Prices for other mailing services, including Standard Mail, Periodicals, Package Services, and Extra Services, also will change. Business mailers will see price increases in a variety of categories.
Summary of Percentage Changes by Product Category
% Change for First-Class Mail
- Single-piece Letters & Cards - 0.5%
- Flats - 5.3%
- Parcels - 3.8%
- Presort Letters & Cards - 1.8%
- International (Outbound and Inbound) - 4.0%
% Change for Standard Mail
- Letters - 1.8%
- Flats - 0.8%
- Carrier Route Letters, Flats, and Parcels - 1.4%
- High Density / Saturation Letters - 0.6%
- High Density / Saturation Flats and Parcels - 0.4%
- Parcels (NFM’s / Parcels) - 11.3%
% Change for Periodicals
- Outside County - 1.8%
- Inside County - 1.1%
The proposed price changes are expected to generate $340 million for the balance of the fiscal year and $720 million if implemented for a 12-month period.

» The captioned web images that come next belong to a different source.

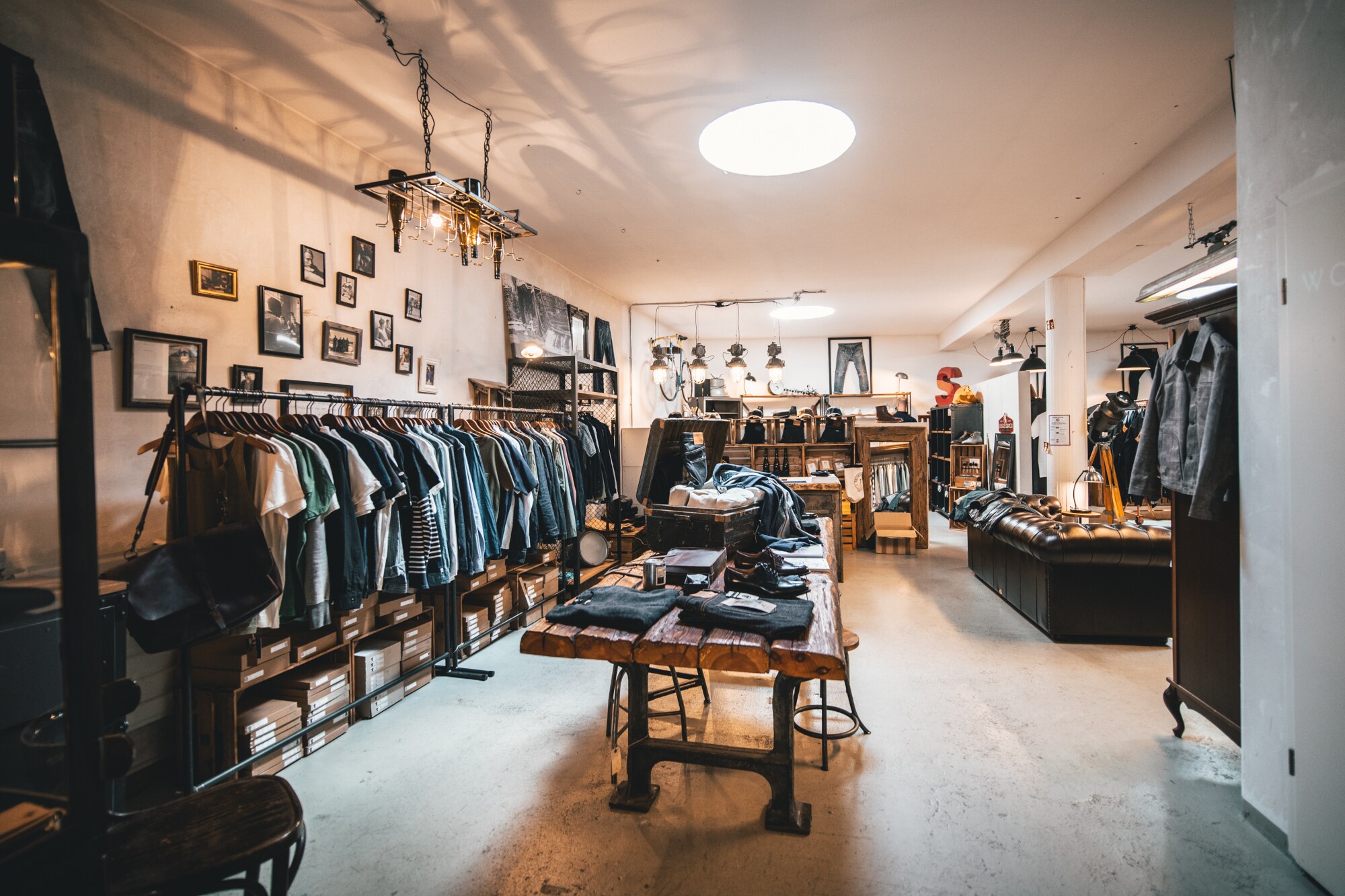 Verkaufsfläche eines Ladens, in dem vor allem Kleidungsstücke aus Jeans verkauft werden Verkaufsfläche eines Ladens, in dem vor allem Kleidungsstücke aus Jeans verkauft werden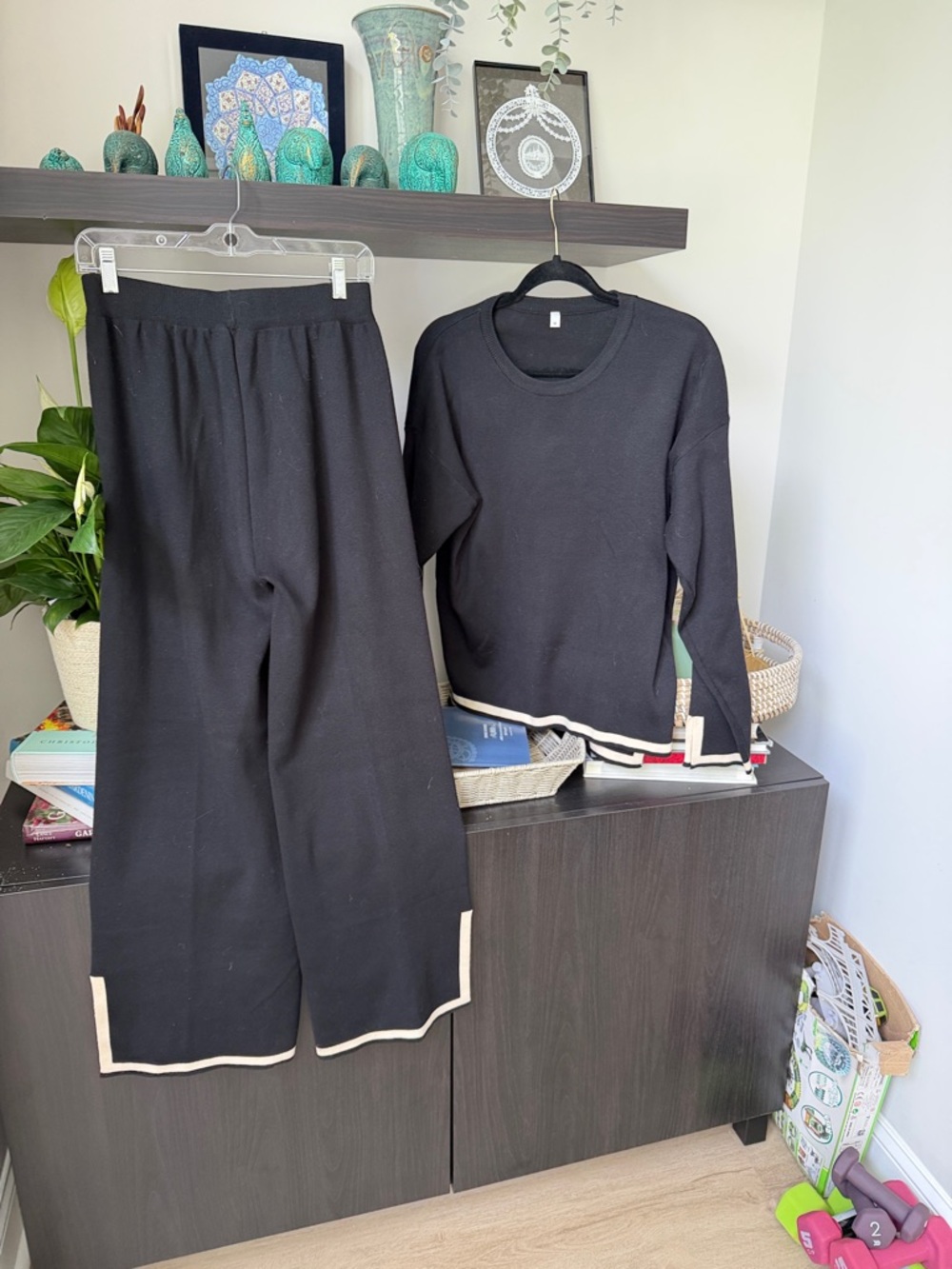 Fashion Black Knit Two-Piece Set with Cream Trim in Size Medium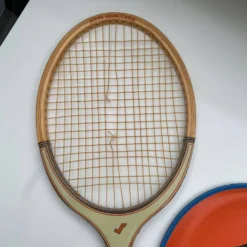 Raquette de tennis Snoopy John Newcombe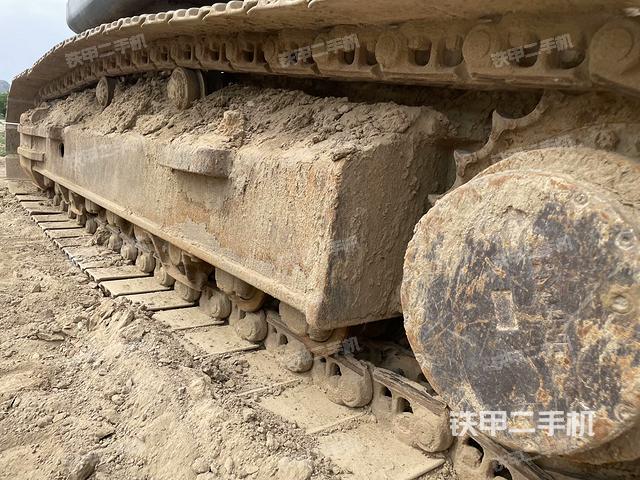 单侧履带整体（整机外观）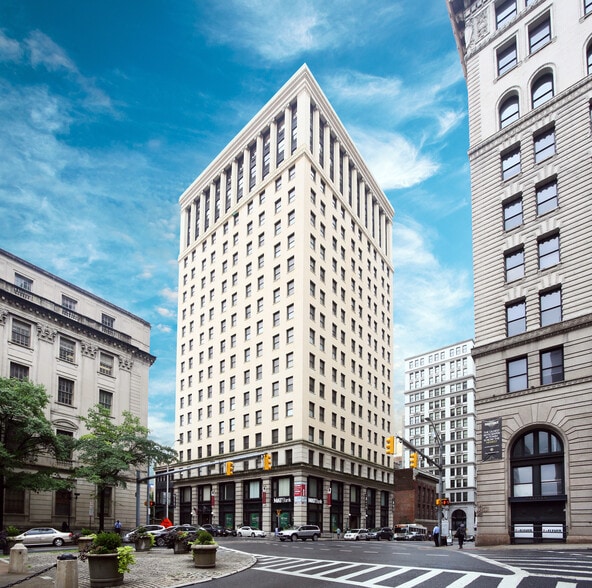 7 N Calvert St, Baltimore, MD for sale - Building Photo - Image 1 of 1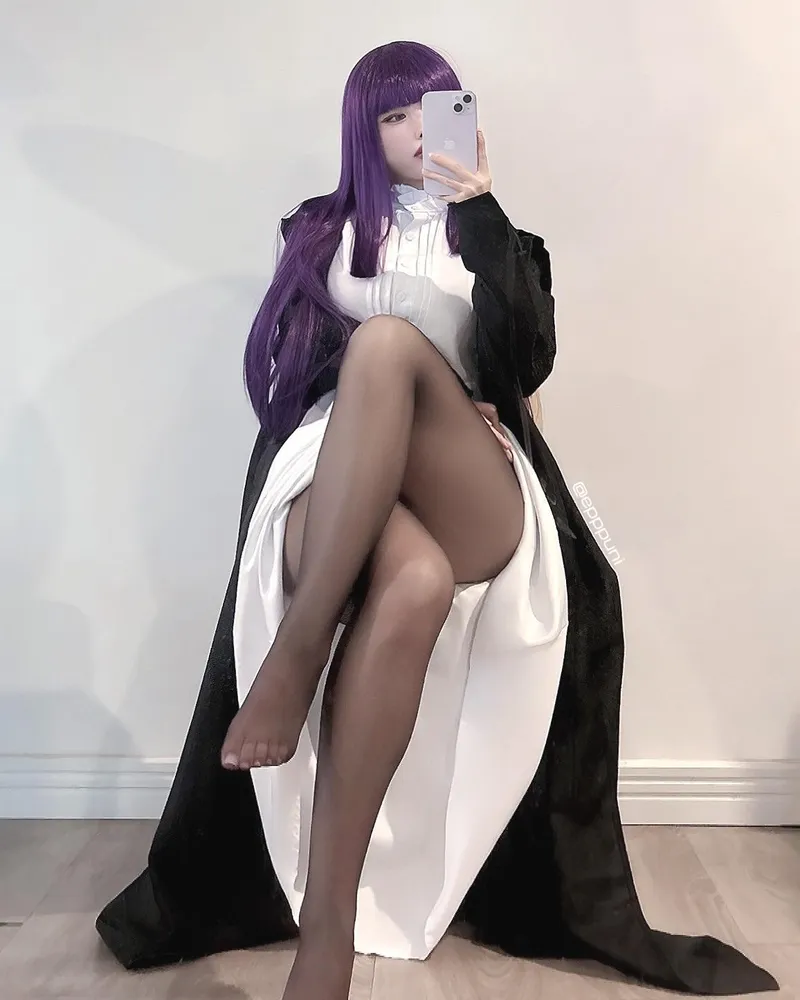 Thumbnail Cosplayer Eppuni Transforms Into Fern in Stunning Photoshoot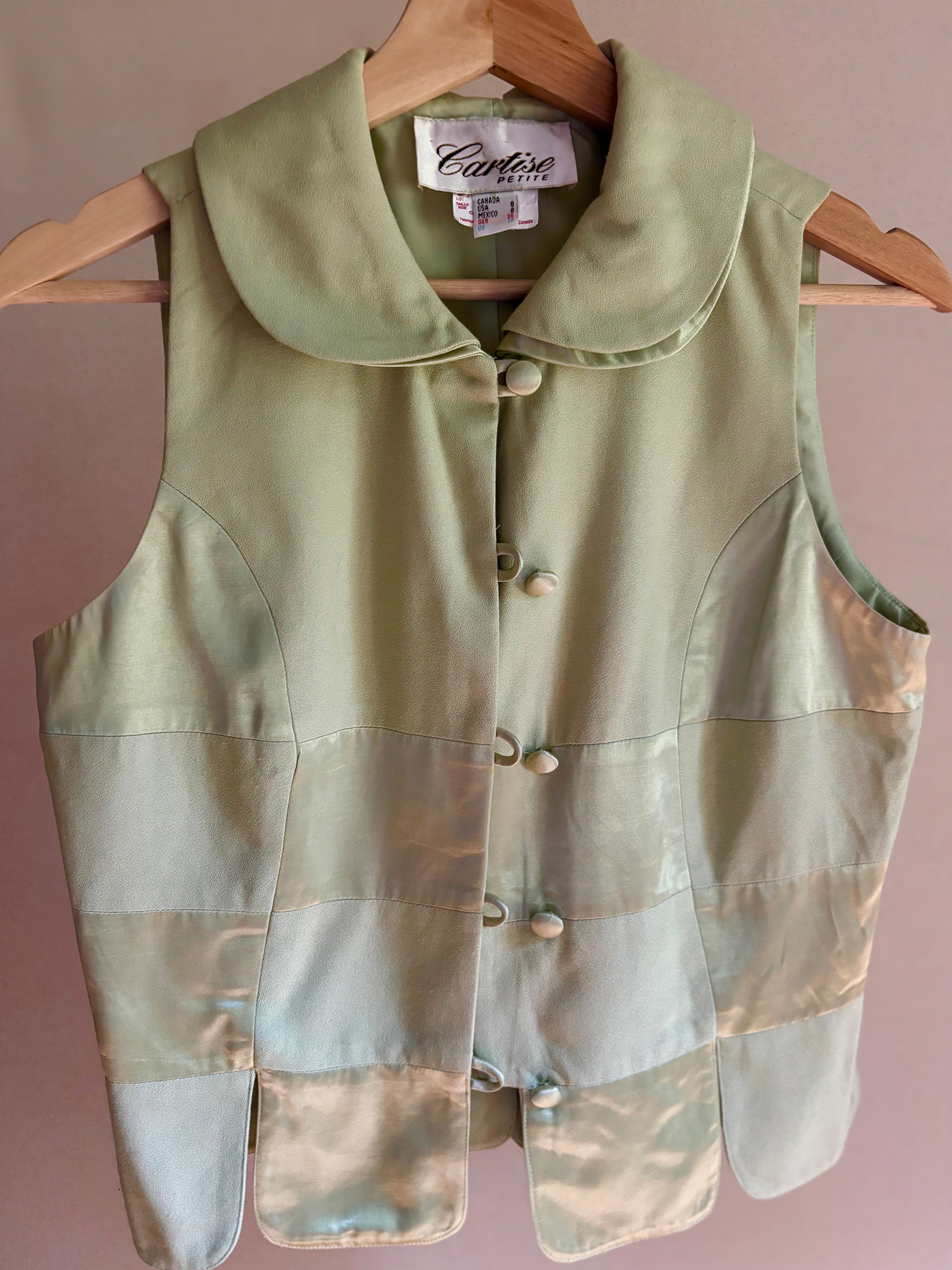 1990s Vintage Unique Green Collared Top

In July 2010, the Postal Service filed an exigent price proposal that was rejected by the Postal Regulatory Commission in September. The Postal Service filed an appeal of that decision with the United States Court of Appeals for the District of Columbia Circuit in November and awaits a decision.
The urgency of the Postal Service’s current financial challenges requires this price change even as it waits for a decision from the federal courts on the exigent case.
The Postal Service receives no tax dollars for operating expenses, and relies on the sale of postage, products and services to fund its operations.